Posted: 7/15/2019 5:37:13 PM
Night Shift Hacks that Actually Work
Are you a night owl CNA who prefers the graveyard shift? Or maybe the manic day shift is too much for your inner peace?
Whatever your reason for working nights, you should know there are a few downsides. By nature, the body is programmed to rest from sunset onward. During sleep, the body undergoes healing, repair, and restoration. But patients need care round the clock and there must be staff like you to care for them during this time.
So, don’t let the disadvantages of the night shift drag you down. Be assured that you can still have a great experience as a nursing assistant, if you’re prepared to face the challenges and get a step ahead by working on coping skills early on.
To help cope, here are some handy life hacks you can follow to get the most out of your night job:
Trick your brain - The body follows a 24-hour rhythm that coincides with day and night, perking the body up for activities during the day and waning down energy at night to prepare for rest. You want to mimic this by keeping the nurses' station brightly lit as you work and use sunglasses to curtail the brightness when you go home in the morning.
Eat a healthy breakfast - Pack your “day” with enough nutrients to provide the energy you need for work. An empty stomach likely signals to your body that you’re ready for bed, so eat up to boost your wakefulness and stamina.

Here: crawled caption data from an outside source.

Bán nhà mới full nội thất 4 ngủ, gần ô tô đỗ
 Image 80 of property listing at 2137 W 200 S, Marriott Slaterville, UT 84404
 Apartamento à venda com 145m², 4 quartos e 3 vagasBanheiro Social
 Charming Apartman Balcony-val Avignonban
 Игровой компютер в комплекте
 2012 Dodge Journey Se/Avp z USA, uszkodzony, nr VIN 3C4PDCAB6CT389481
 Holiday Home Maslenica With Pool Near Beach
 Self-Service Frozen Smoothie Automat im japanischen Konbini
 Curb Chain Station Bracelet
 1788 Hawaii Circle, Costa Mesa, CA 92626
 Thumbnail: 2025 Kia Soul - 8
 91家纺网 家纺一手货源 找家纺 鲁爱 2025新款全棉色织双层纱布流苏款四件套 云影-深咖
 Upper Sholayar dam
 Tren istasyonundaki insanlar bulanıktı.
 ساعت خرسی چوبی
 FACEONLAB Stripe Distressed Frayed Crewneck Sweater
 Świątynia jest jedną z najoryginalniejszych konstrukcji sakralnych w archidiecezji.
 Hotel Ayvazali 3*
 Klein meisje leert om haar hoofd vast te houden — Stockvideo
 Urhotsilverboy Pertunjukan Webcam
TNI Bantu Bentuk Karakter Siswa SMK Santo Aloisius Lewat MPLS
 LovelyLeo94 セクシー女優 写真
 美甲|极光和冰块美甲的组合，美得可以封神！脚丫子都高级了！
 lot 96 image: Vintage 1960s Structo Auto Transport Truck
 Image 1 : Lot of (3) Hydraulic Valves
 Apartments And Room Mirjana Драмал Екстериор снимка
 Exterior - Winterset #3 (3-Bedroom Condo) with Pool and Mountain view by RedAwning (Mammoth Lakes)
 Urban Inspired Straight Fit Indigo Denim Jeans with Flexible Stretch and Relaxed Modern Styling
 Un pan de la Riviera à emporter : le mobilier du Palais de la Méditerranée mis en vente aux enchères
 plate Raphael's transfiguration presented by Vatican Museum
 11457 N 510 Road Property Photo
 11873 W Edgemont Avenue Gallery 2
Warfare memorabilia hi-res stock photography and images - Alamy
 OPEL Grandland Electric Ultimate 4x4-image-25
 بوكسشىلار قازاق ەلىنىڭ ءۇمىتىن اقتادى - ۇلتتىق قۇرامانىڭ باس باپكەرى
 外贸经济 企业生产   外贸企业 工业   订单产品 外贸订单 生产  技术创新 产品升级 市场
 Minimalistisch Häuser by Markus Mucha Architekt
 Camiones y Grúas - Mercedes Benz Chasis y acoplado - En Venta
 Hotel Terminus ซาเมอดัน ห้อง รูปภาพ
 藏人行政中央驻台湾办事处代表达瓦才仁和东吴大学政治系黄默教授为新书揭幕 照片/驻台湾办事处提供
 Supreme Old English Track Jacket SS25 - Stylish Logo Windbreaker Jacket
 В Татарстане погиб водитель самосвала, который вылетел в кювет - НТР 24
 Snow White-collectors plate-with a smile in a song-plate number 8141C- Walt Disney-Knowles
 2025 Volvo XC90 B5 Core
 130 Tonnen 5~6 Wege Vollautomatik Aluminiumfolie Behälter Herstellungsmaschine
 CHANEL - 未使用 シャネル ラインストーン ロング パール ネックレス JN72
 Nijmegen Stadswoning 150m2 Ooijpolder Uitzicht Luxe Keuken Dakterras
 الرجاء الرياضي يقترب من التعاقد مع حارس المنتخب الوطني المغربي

Avoid stimulating foods and activities before bed - This includes nicotine from smoking, which is a stimulating substance that can keep you awake. Better yet, stay away from this bad habit altogether. You also need to cut down on caffeine such as in coffee, tea, and chocolate before bed, since they keep your brain active. Heavy exercise can likewise give you an energy boost, so schedule it away from bedtime.
Don’t make alcohol your sleep tonic - Alcohol can make you drowsy, but it causes poor quality sleep. Ditch your shot glass and drink some warm milk before sleep, instead.
Maintain a consistent sleep schedule and number of rest hours - When you work at night, you’re going against the body’s natural rhythm. The least you can do for your health is give the body a pattern to recognize. If you sleep at the same time each night, you'll likely have less difficulty falling asleep and feel properly rested upon waking. Also, maintain at least eight hours of sleep to fully recharge your body.
Keep yourself busy - Check on your patients and make sure they are sleeping comfortably. If they have scheduled vital sign measurements, do them while being very careful not to wake patients fully. You can restock supplies, sanitize surfaces and equipment, fold linens, and organize the station. Being busy also prevents you from feeling drowsy and out of focus.
If your patients are mostly stable during the night, use this time to bond with other staff - One of the greatest perks of the night shift is that you’ll have time to get to know your coworkers better and appreciate them as people. There are fewer reasons for misunderstanding because the atmosphere is easier and more relaxed.
The graveyard shift can be advantageous in many ways, if you know and practice healthy work routines. Follow the above hacks and you can have a wonderful experience working at night.